┌──

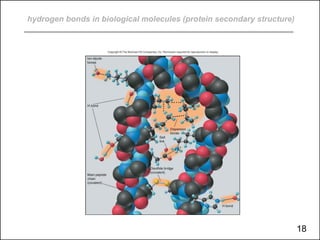 hydrogen bonds in biological molecules (protein secondary structure)
18
 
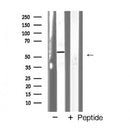 AF5412 staining Hela by IF/ICC. The sample were fixed with PFA and permeabilized in 0.1% Triton X-100,then blocked in 10% serum for 45 minutes at 25¡ãC. The primary antibody was diluted at 1/200 and incubated with the sample for 1 hour at 37¡ãC. An  Alexa Fluor 594 conjugated goat anti-rabbit IgG (H+L) Ab, diluted at 1/600, was used as the secondary antibod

└──

== TASK REQUIREMENTS ==
The pictures should not be reproduced; quote all of the other material exactly.

== PROBLEM SOLUTION ==
 hydrogen bonds in biological molecules (protein secondary structure)
18
 
 AF5412 staining Hela by IF/ICC. The sample were fixed with PFA and permeabilized in 0.1% Triton X-100,then blocked in 10% serum for 45 minutes at 25¡ãC. The primary antibody was diluted at 1/200 and incubated with the sample for 1 hour at 37¡ãC. An  Alexa Fluor 594 conjugated goat anti-rabbit IgG (H+L) Ab, diluted at 1/600, was used as the secondary antibod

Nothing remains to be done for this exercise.